DATA EXCERPT.
---------------

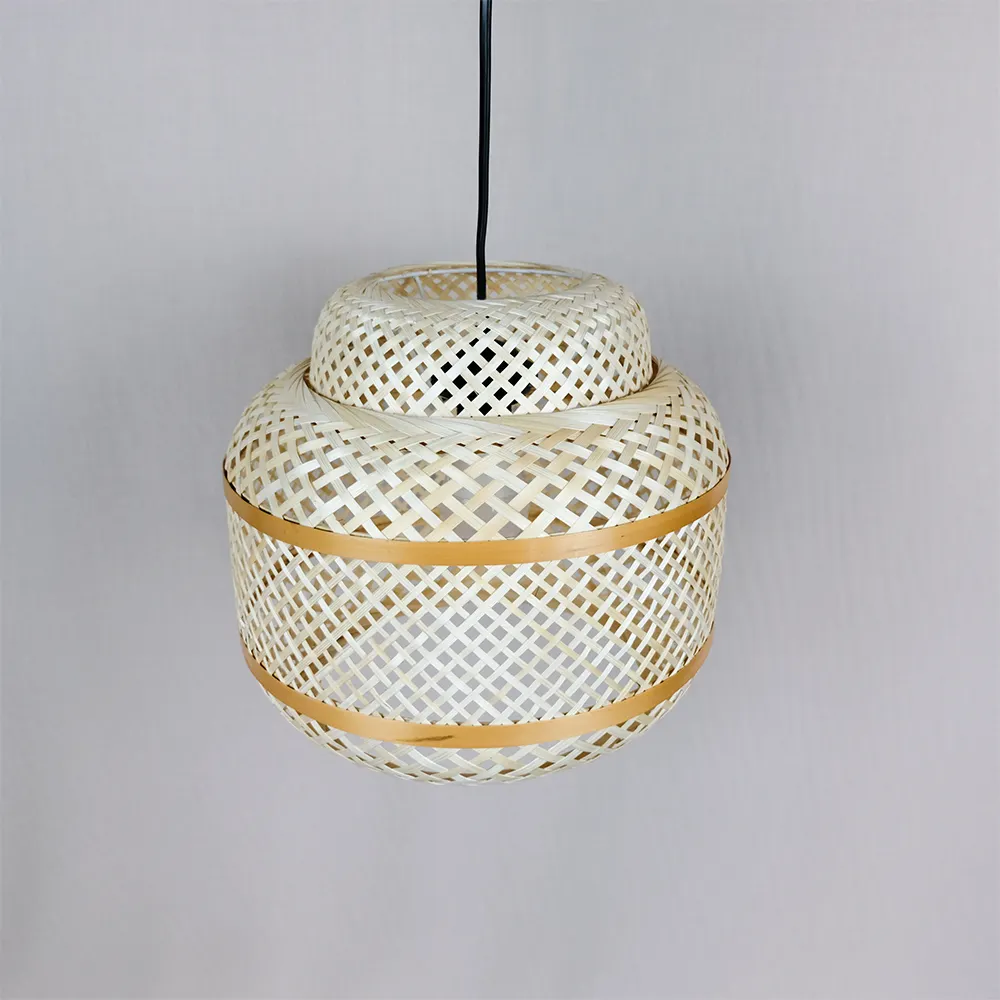 Made in Vietnam - Handmade Bamboo Chandelier modern style tea room Pendant Lamp lantern pendant light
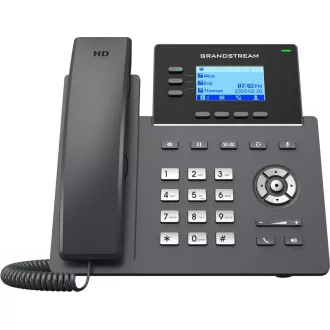 Grandstream GRP2603P SIP telefón, 2,48" LCD podsv. displej, 6 SIP účty, 2x1Gbit port, PoE Grandstream GRP2603P SIP telefón, 2,48" LCD podsv. displej, 6 SIP účty, 2x1Gbit port, PoE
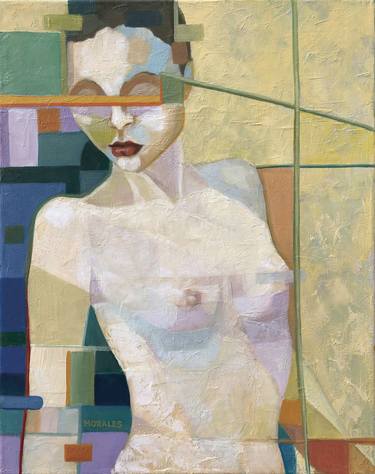 Original Conceptual Nude Paintings by Maria Morales
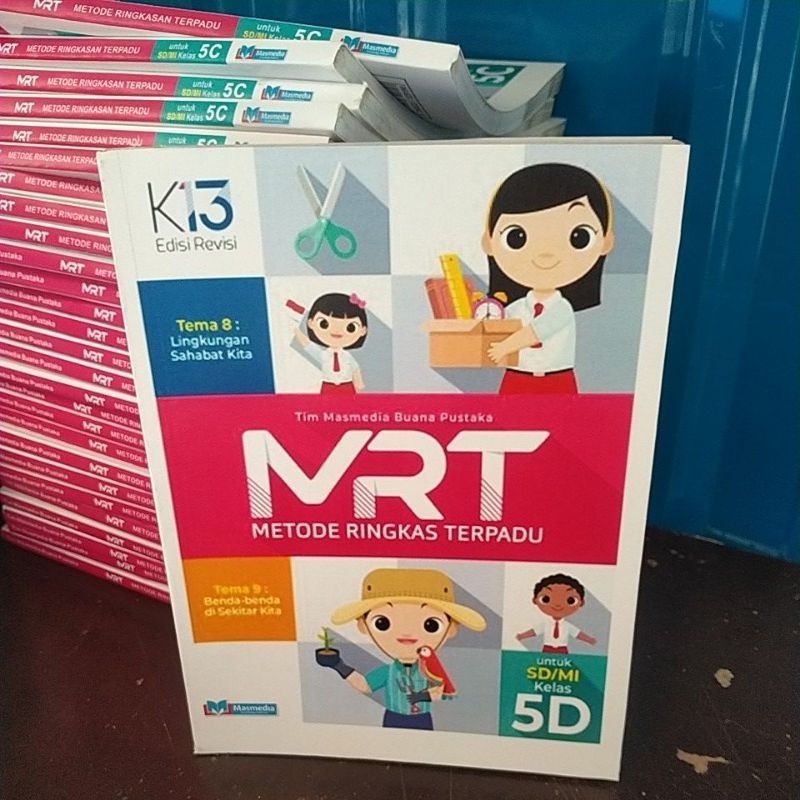 Buku MRT (metode ringkas terpadu) Untuk SD/MI Kelas 5D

---------------

Could you return, word for word, every line from the line with "port, PoE Grandstream" through the last line of the listing above, both ends included, without any pictures?

 Grandstream GRP2603P SIP telefón, 2,48" LCD podsv. displej, 6 SIP účty, 2x1Gbit port, PoE Grandstream GRP2603P SIP telefón, 2,48" LCD podsv. displej, 6 SIP účty, 2x1Gbit port, PoE
 Original Conceptual Nude Paintings by Maria Morales
 Buku MRT (metode ringkas terpadu) Untuk SD/MI Kelas 5D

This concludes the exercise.